Even if some of that is off, the premise of a chain of some ML, and some not ML, processors means they probably can't really tell you exactly why anything ranks where it does.

dehrmann · on April 23, 2022

It's clear the public and lawmakers like the idea of knowing how the algorithm works, but what you posted is about as deep as people can reasonably understand at a high level. I don't think they realize how complex a system built over 20 years that's a trillion-dollar company's raison d'être can be.

zo1 · on April 23, 2022

Those sound like awesome potential features. Allow users to assign 0-100% weights for each of those scoring adjustments during search,and show them the calcs (if you can).

tyingq · on April 23, 2022

Supposedly there's thousands of different features that are scored, and those are just the rolled-up categories that needed their own separate ML pipeline step.

Like, maybe, for example, a feature is "this site has a favicon.ico that is unique and not used elsewhere" (page quality). Or "this page has ads, but they are below the fold" (page layout). Or "this site has > X amount of inbound links from a hand curated list of 'legitimate branded sites'" (page/site authority).

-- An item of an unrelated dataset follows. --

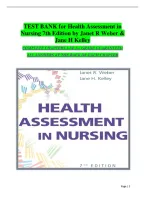 Test Bank for Health Assessment in Nursing 7th Edition by Weber & Kelley &lpar;Chapters 1-34&rpar;&NewLine;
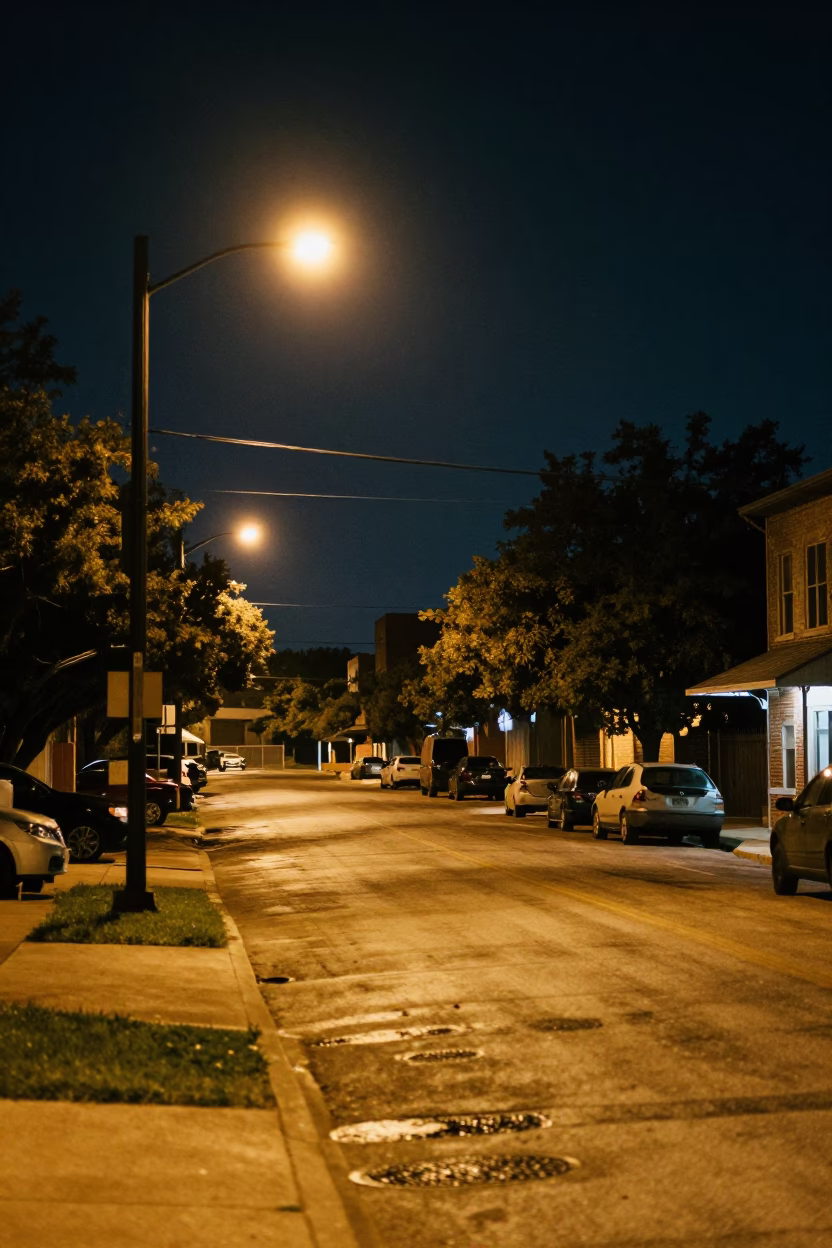 Deep Night Street Scene in Austin Texas with Local Elements and Urban Atmosphere in in Austin, Texas, United States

Google then picks a starting weight for all these things, and has human reviewers score the quality of the results, order of ranking, etc, based on a Google written how-to-score document. Then tweaks the weights, re-runs the ML pipeline, and has the humans score again, in some iterative loop until they seem good.

There's a never-acted-on FTC report[1] that describes how they used this system to rank their competition (comparison shopping sites) lower in the search results.

[1] http://graphics.wsj.com/google-ftc-report/

Edit: Note that a lot of detail is missing here. Like topic relevance, where a site may rank well for some niche category it specializes in. But that it wouldn't necessarily rank well for a completely different topic, even with good content, since it has no established signals it should.

dehrmann · on April 23, 2022

> and those are just the rolled-up categories that needed their own separate ML pipeline step.

AKA ensemble models.

jasfi · on April 23, 2022

I doubt it, they should know what the various algorithms are, especially the most important ones that drive most of the ranking. But their competitive advantage would be on the line.

wetpaws · on April 23, 2022

Data is already an algorithm

thedeadfish · on April 23, 2022

Google manually adjusts its results for censorship reasons. This is probably why google has gotten so much worse, they don't want information to be freely accessible, they only want things they approve of to be seen.

otherotherchris · on April 23, 2022

I reckon you're right, but I doubt that it's manual or under Google's control. Google is too important a tool of control to be left in the hands of Silly Valley idealists.

I've always wondered why Sergey Brin and Larry Page retired when they did, it coincides almost exactly with the beginning of the SERP quality decline. Wonder what sort of conversation they had with intelligence to quietly walk to the door, cash out, and say nothing about the company since.

blihp · on April 23, 2022

What happened was they got what they wanted: full control of running the business. Then they quickly learned that was actually a lot of work and not very much fun, made some fairly unpopular decisions (business, product and policy) with a fair amount of public backlash, put Sundar in charge and backed away.